» **BRIEF**
Excluding all pictures, please output the listing exactly.

[INFORMATION PROVIDED — start]

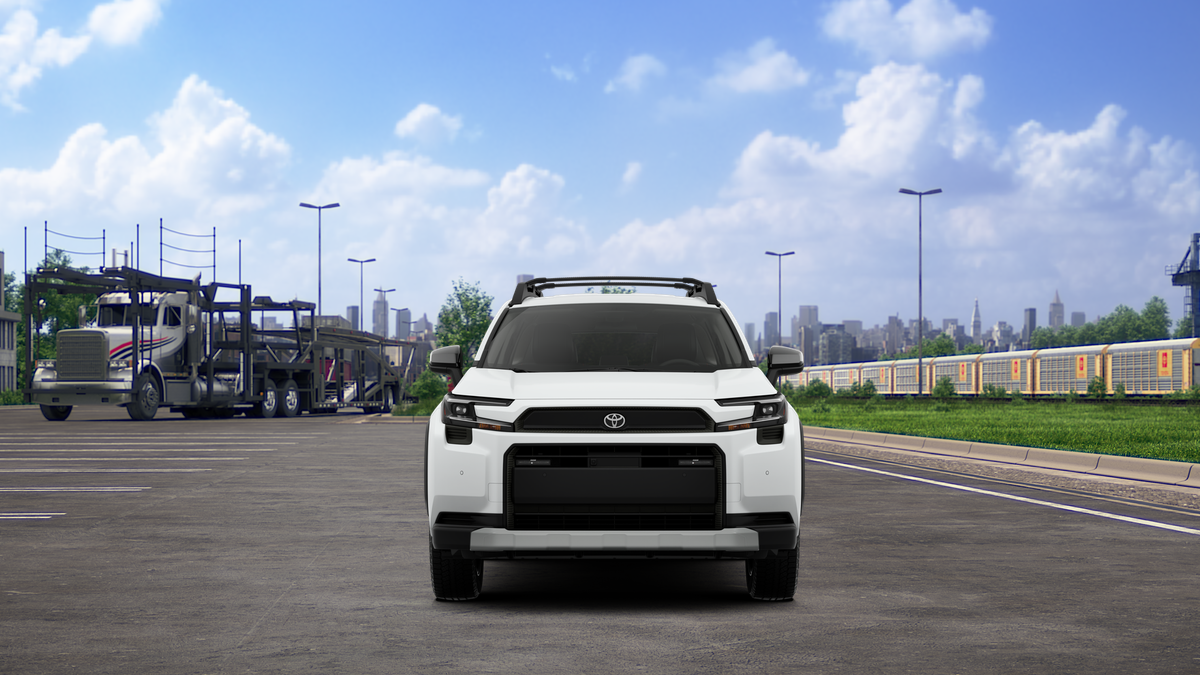 2026 Toyota RAV4 Plug-in Hybrid Woodland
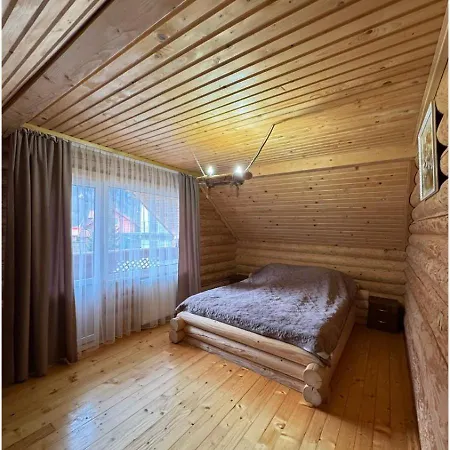 Holiday home анастасія Mizhhirya (Transcarpathia)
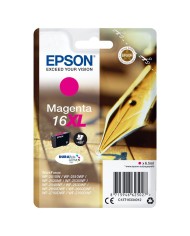 "Tinta Epson C13T16334012 T1633 Magenta 16XL: ¡Impresiones Vibrantes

[INFORMATION PROVIDED — finish]

» **TASK ANSWER**
 2026 Toyota RAV4 Plug-in Hybrid Woodland
 Holiday home анастасія Mizhhirya (Transcarpathia)
 "Tinta Epson C13T16334012 T1633 Magenta 16XL: ¡Impresiones Vibrantes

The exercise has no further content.